■ **Task**
Only these lines of the data below are wanted: the one with "Loja de iluminação", the one with "50pcs/lot Y30 disk", and any lines between them, each repeated exactly.

■ **Data for analysis**
◆ ◆ ◆

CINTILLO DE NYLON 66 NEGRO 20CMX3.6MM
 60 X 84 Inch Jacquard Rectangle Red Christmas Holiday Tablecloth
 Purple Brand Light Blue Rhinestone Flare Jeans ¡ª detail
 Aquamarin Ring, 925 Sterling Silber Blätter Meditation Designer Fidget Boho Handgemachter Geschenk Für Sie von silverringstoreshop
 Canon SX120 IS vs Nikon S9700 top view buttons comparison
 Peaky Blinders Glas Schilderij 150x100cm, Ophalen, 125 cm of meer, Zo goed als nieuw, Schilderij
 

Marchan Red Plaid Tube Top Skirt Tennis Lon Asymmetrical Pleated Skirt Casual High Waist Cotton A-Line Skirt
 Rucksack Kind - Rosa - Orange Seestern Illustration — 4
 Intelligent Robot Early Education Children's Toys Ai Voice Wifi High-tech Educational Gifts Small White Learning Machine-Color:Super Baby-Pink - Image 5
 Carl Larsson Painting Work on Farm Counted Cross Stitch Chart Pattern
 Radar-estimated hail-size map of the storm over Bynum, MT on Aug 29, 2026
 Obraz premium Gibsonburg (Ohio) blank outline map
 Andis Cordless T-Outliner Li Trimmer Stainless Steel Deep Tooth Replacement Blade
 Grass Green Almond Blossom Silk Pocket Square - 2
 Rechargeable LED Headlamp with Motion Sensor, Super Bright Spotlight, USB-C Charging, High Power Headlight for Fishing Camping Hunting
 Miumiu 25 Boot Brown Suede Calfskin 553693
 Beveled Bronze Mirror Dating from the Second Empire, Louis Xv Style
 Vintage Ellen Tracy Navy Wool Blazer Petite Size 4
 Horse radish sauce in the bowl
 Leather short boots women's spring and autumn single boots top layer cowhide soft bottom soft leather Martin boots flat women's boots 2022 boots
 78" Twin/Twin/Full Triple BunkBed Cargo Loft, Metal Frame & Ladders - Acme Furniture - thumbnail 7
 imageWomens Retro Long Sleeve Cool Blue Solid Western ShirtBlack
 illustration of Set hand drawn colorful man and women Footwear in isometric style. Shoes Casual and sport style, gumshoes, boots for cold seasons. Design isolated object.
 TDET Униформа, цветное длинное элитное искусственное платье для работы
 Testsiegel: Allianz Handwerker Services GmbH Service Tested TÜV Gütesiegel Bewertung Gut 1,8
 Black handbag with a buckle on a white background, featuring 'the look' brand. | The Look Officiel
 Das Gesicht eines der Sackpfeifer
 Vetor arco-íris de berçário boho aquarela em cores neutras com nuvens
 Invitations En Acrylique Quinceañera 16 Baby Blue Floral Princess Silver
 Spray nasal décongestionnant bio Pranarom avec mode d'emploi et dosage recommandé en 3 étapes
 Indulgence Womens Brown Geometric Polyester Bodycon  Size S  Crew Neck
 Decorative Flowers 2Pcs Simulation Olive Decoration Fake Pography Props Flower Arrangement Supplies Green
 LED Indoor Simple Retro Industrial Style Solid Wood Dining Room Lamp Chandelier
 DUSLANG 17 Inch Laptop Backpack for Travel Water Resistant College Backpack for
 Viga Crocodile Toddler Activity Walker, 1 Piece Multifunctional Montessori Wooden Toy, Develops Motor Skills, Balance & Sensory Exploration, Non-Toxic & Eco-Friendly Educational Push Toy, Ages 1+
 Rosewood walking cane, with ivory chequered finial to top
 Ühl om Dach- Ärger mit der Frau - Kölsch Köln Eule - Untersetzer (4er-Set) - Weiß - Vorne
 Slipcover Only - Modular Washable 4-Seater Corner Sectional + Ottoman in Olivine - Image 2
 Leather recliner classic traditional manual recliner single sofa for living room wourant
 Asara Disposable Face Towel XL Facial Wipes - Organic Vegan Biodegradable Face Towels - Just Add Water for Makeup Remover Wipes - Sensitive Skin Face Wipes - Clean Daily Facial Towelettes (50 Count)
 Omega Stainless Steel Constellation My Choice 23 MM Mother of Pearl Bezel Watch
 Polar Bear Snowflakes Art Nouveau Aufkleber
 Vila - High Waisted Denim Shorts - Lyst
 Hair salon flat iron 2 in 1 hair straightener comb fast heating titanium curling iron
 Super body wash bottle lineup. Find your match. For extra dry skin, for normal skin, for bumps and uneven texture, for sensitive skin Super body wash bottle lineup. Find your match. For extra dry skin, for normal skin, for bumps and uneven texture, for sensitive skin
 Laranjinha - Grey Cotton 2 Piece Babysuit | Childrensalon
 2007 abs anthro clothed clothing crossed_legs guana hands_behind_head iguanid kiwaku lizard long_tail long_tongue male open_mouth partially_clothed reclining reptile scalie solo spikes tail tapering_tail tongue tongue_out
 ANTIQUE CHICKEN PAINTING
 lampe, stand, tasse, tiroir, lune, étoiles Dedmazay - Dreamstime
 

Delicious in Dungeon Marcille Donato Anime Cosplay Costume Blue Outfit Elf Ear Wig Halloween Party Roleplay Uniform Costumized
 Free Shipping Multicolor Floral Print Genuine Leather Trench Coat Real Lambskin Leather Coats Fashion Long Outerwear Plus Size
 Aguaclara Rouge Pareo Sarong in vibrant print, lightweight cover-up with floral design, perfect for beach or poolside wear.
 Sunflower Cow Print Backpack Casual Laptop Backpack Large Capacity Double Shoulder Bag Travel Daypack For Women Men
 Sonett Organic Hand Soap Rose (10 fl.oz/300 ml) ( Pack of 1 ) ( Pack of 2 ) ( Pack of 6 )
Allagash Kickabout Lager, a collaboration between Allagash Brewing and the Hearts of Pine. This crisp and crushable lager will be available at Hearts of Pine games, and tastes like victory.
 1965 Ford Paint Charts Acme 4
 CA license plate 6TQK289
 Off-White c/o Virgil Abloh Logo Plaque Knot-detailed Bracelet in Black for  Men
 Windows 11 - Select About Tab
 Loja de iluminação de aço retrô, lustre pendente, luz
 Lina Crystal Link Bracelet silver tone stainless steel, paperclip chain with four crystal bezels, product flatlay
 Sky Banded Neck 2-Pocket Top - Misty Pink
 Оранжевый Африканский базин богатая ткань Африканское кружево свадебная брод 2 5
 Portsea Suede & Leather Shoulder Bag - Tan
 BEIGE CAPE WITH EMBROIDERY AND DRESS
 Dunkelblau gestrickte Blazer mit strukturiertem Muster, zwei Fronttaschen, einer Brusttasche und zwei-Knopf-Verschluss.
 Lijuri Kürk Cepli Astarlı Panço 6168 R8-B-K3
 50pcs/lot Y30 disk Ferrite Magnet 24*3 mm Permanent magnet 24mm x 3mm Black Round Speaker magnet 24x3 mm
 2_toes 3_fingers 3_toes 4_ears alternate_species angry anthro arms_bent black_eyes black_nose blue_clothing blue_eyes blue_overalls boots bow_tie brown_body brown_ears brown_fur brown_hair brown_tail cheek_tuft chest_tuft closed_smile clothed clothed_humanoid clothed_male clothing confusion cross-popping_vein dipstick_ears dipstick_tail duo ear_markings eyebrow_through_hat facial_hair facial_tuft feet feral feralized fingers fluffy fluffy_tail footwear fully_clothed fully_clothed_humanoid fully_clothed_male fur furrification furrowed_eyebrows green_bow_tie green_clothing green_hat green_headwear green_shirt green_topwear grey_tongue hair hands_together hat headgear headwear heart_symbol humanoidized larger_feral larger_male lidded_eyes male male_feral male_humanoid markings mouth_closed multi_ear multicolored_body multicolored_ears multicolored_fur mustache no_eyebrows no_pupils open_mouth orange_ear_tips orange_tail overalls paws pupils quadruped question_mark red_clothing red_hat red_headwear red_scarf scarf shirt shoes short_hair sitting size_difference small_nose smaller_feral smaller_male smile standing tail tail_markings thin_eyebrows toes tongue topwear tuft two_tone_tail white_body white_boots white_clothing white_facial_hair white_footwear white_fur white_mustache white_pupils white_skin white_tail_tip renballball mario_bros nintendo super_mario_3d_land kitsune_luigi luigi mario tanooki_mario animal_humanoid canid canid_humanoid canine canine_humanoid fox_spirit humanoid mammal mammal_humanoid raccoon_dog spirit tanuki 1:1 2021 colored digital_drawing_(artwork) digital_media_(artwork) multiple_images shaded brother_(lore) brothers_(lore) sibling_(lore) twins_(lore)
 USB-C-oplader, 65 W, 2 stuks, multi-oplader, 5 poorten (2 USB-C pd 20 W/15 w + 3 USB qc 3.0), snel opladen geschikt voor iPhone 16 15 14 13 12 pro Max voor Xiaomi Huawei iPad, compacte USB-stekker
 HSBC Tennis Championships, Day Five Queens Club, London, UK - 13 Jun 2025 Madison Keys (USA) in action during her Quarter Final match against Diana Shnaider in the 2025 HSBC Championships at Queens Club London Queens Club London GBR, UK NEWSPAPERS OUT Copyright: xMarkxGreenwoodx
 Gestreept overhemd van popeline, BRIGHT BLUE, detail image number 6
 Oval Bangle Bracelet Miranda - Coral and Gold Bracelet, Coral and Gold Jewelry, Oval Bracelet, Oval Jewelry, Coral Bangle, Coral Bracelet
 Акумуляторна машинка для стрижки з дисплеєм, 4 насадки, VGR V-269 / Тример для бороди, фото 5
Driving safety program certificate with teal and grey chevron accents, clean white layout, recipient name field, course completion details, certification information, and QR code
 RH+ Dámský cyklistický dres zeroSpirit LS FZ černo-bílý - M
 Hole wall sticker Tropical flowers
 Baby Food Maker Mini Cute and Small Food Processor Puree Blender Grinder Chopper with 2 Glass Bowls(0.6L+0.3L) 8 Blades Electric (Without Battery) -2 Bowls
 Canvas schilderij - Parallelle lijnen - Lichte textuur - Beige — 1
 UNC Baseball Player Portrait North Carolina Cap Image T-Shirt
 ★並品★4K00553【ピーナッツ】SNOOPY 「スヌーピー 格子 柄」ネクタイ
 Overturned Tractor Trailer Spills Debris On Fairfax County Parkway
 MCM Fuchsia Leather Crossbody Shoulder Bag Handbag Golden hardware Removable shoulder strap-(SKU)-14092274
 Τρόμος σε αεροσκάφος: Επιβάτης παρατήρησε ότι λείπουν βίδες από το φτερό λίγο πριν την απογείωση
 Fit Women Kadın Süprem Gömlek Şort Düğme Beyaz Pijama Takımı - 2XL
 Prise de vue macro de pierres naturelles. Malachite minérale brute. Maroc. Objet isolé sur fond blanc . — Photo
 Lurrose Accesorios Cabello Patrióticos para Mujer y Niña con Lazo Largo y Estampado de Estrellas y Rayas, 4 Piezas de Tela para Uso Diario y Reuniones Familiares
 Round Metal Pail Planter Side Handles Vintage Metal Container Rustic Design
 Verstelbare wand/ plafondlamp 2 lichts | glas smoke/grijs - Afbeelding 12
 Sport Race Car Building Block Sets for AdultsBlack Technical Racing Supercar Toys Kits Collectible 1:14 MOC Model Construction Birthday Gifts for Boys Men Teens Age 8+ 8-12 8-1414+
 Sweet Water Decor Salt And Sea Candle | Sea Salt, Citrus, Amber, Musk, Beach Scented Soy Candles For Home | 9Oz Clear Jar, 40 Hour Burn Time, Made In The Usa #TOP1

◆ ◆ ◆

■ **Answer for this exercise**
 Loja de iluminação de aço retrô, lustre pendente, luz
 Lina Crystal Link Bracelet silver tone stainless steel, paperclip chain with four crystal bezels, product flatlay
 Sky Banded Neck 2-Pocket Top - Misty Pink
 Оранжевый Африканский базин богатая ткань Африканское кружево свадебная брод 2 5
 Portsea Suede & Leather Shoulder Bag - Tan
 BEIGE CAPE WITH EMBROIDERY AND DRESS
 Dunkelblau gestrickte Blazer mit strukturiertem Muster, zwei Fronttaschen, einer Brusttasche und zwei-Knopf-Verschluss.
 Lijuri Kürk Cepli Astarlı Panço 6168 R8-B-K3
 50pcs/lot Y30 disk Ferrite Magnet 24*3 mm Permanent magnet 24mm x 3mm Black Round Speaker magnet 24x3 mm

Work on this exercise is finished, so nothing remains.